Dans un environnement stable, ce système élaboré entraîne le cycle des menstruations. Tout stress peut cependant modifier la donne. La femme peut alors constater une modification de son flux. Le cycle menstruel peut être allongé ou raccourci. Il peut devenir irrégulier ou parfois continu, avec des saignements abondants ou légers. Une femme peut aussi ne plus avoir de menstruations du tout. Les symptômes prémenstruels si redoutés disparaissent souvent lorsque l'ovulation est interrompue. Le corps de chaque femme répond au stress d'une manière qui lui est propre. Il est donc impossible de prévoir ce qui arrivera. Il se peut qu'une femme ne réagisse pas à un stress alors qu'une autre soit aux prises avec de l'aménorrhée (absence de menstruations). On ne comprend pas tout à fait pourquoi cela arrive, mais il semble que chaque femme ait une résistance au stress qui lui soit propre. Heureusement, quand le stress disparaît et que tout retourne à la normale, il en va de même pour l'ovulation et la fécondité.
Mis à part le désagrément des saignements imprévisibles, le chamboulement de l'ovulation normale peut entraîner de l'anémie (en cas de saignements abondants) et de l'infertilité. Si le système est dérangé au point que les ovaires ne produisent plus d'estrogène, et si cette condition se poursuit sur une longue période de temps, la femme peut voir la densité de ses os diminuer et risquer de souffrir d'ostéoporose. Ce processus adaptatif, qui aide le corps à rediriger temporairement son attention et son énergie vers des éléments plus urgents, peut entraîner des problèmes si la situation persiste.
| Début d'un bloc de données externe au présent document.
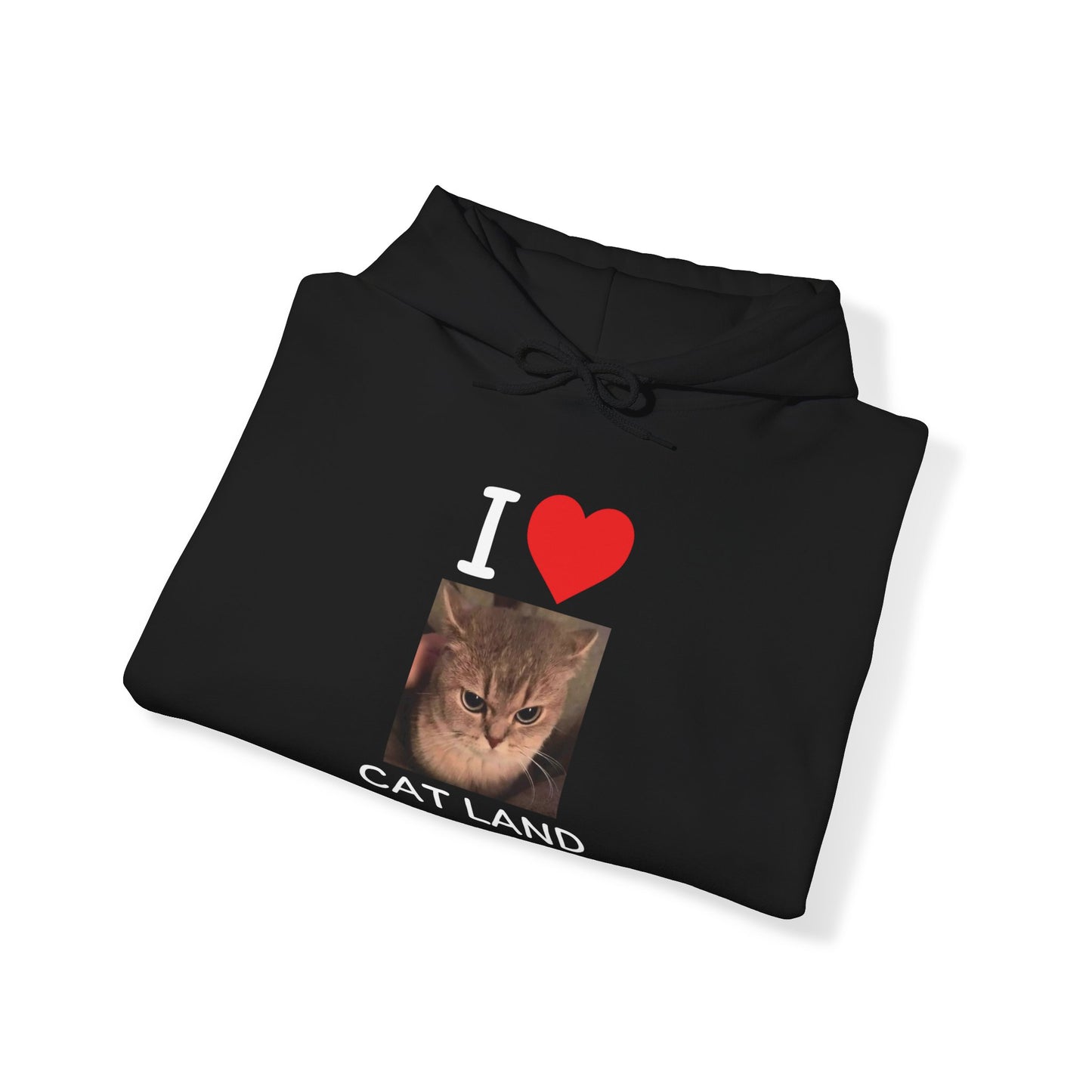 I LOVE CAT LAND CENTRAL HOODIE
Heureusement, comprendre le fonctionnement du système reproducteur permet d'offrir des traitements pour minimiser certains des problèmes qui surgissent quand le système va de travers. La pilule contraceptive peut, par exemple, régulariser le flux menstruel en augmentant le taux d'estrogène. Elle peut, bien sûr, n'être utilisée que temporairement en attendant que la situation se stabilise. La médecine moderne propose aussi d'autres moyens de survivre aux événements stressants en attendant que les choses se replacent. Les médecines non traditionnelles, comme la méditation, le massage, l'acupuncture et l'herboristerie peuvent aussi aider à gérer le stress et à rééquilibrer le corps et l'esprit.